[[ Data for this task, beginning ]]
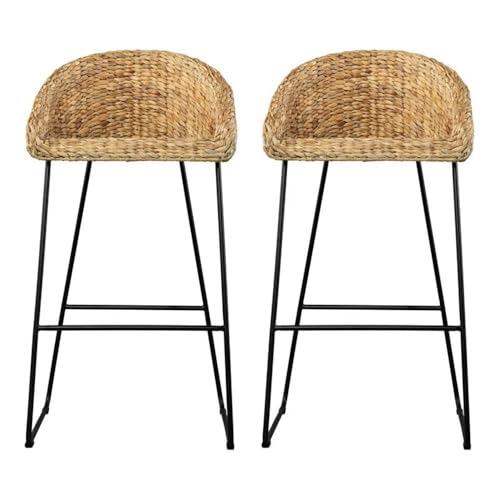 Landrine Water Hyacinth Bar Stools - 2 Piece Set - Bohemian Design, Natural Rattan - Easy Assembly - Ideal for Kitchen, Home Bar (BC1130832)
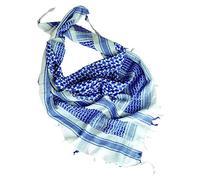 Mil-Tec Chèche Shemagh homme 110 x 110 cm Blanc/Bleu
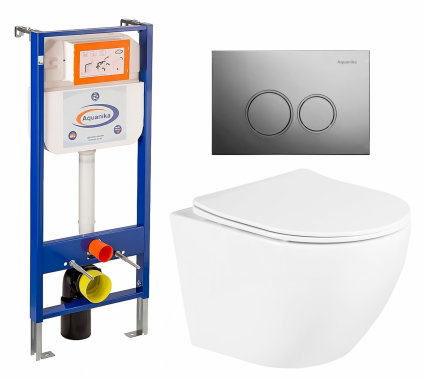 Комплект 3 в 1 инсталляция Enio Aquanika + Унитаз подвесной BelBagno Uno BB3105CHR/SC + кнопка хром круглая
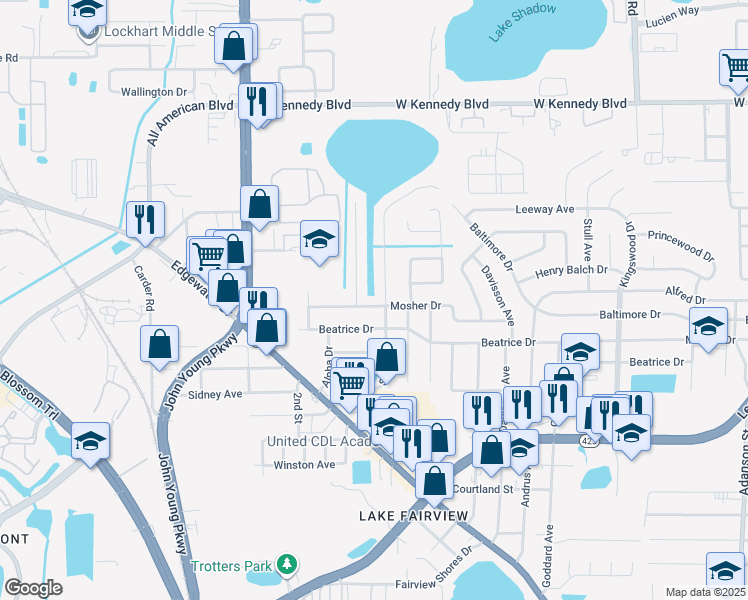 map of restaurants, bars, coffee shops, grocery stores, and more near 2007 Mosher Drive in Orlando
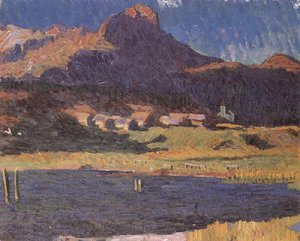 Silsersee With View Of Maloja — Giovanni Giacometti
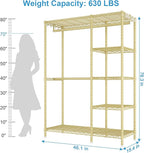 Ulif F2 Clothes Rack, 5 Tiers Heavy Duty Garment Rack for Bedroom, Freestanding Adjustable Closet Storage Organizer, 46.1" W x 15.4" D x 78.3" H, Load 630lbs, Upgraded Gold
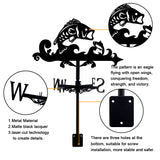 Orangutan Iron Wind Direction Indicator, Weathervane for Outdoor Garden Wind Measuring Tool, Fish, 265x356mm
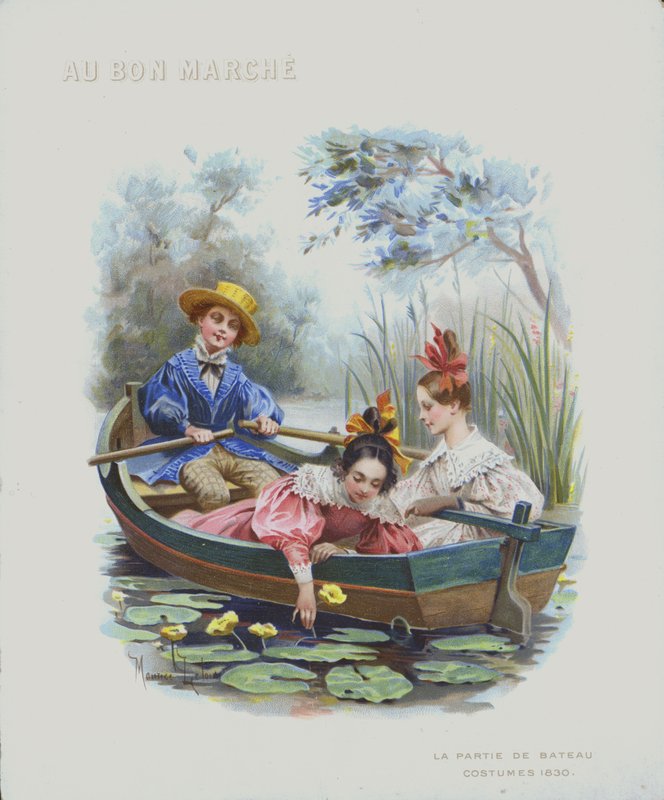 Tekne gezintisi, 1830 kostümleri (chromolitho) by Maurice Leloir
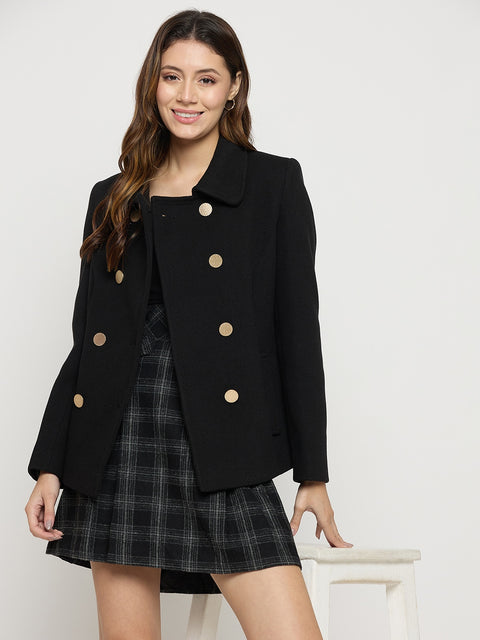 Madame Black Collared Full Sleeve Short Coat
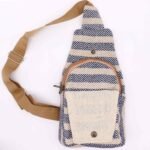 Ancient Wisdom Natural Cotton Body Cross Bag – Tan & Navy - Image 4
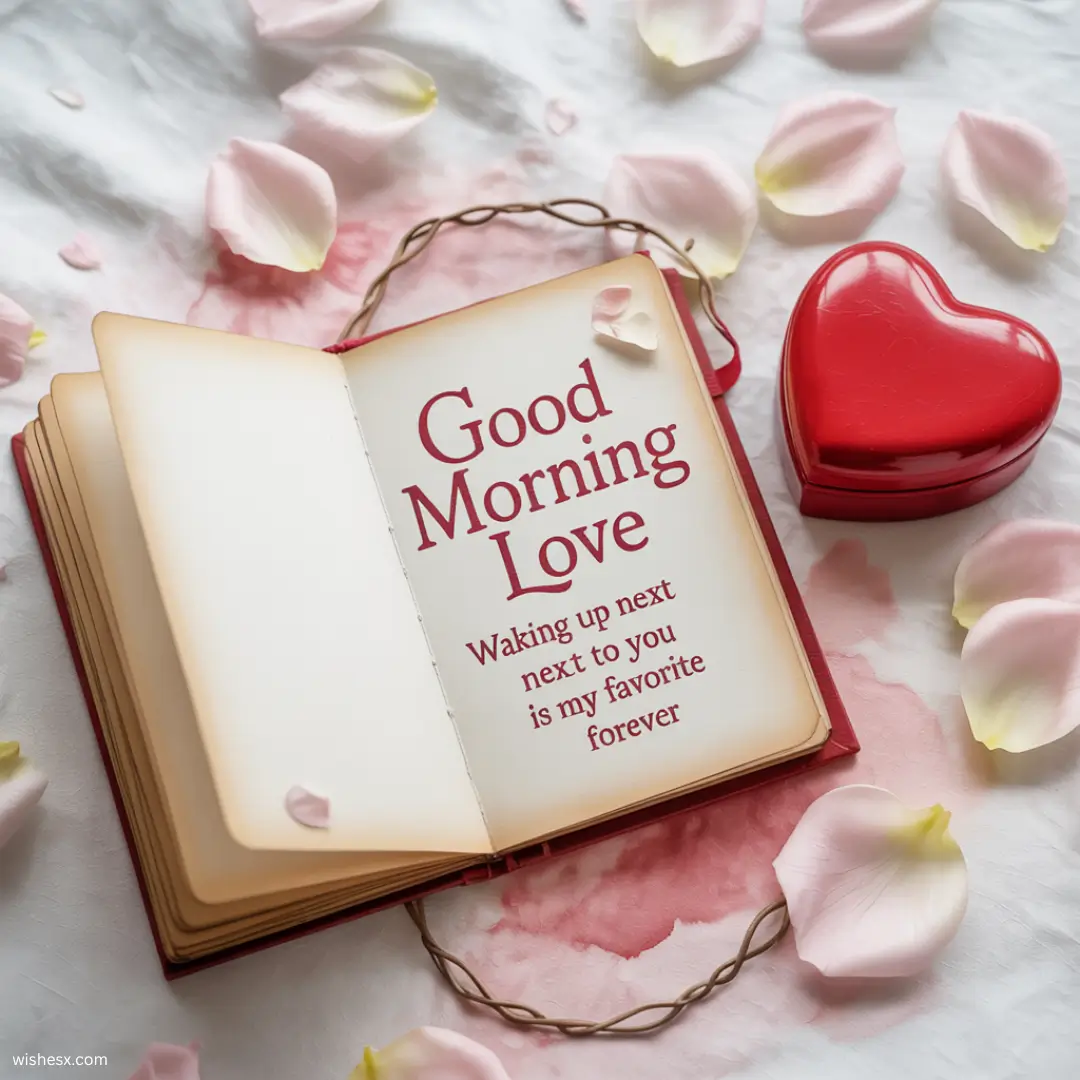 A warm greeting image featuring the text "Good Morning Love" with a soft, romantic background.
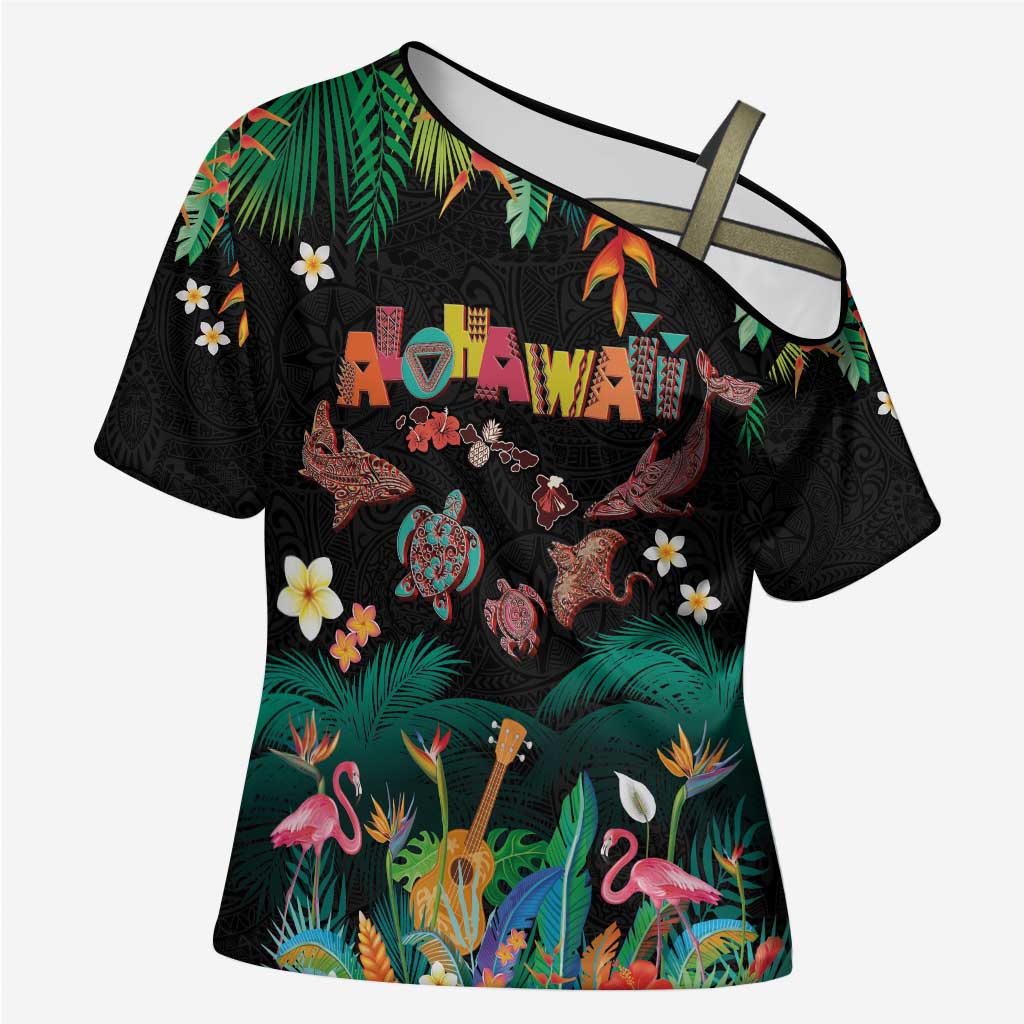 Hawaiian Alohawaii Cross Shoulder Shirt Tribal Sea Animals Tattoo and Tropical Plants - Polynesian Pride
[[ Data for this task, end ]]
* Task requirements *
Output the listing word for word. Drop the pictures.

* Reply *
 Landrine Water Hyacinth Bar Stools - 2 Piece Set - Bohemian Design, Natural Rattan - Easy Assembly - Ideal for Kitchen, Home Bar (BC1130832)
 Mil-Tec Chèche Shemagh homme 110 x 110 cm Blanc/Bleu
 Комплект 3 в 1 инсталляция Enio Aquanika + Унитаз подвесной BelBagno Uno BB3105CHR/SC + кнопка хром круглая
 map of restaurants, bars, coffee shops, grocery stores, and more near 2007 Mosher Drive in Orlando
 Silsersee With View Of Maloja — Giovanni Giacometti
 Ulif F2 Clothes Rack, 5 Tiers Heavy Duty Garment Rack for Bedroom, Freestanding Adjustable Closet Storage Organizer, 46.1" W x 15.4" D x 78.3" H, Load 630lbs, Upgraded Gold
 Orangutan Iron Wind Direction Indicator, Weathervane for Outdoor Garden Wind Measuring Tool, Fish, 265x356mm
 Tekne gezintisi, 1830 kostümleri (chromolitho) by Maurice Leloir
 Madame Black Collared Full Sleeve Short Coat
 Ancient Wisdom Natural Cotton Body Cross Bag – Tan & Navy - Image 4
 A warm greeting image featuring the text "Good Morning Love" with a soft, romantic background.
 Hawaiian Alohawaii Cross Shoulder Shirt Tribal Sea Animals Tattoo and Tropical Plants - Polynesian Pride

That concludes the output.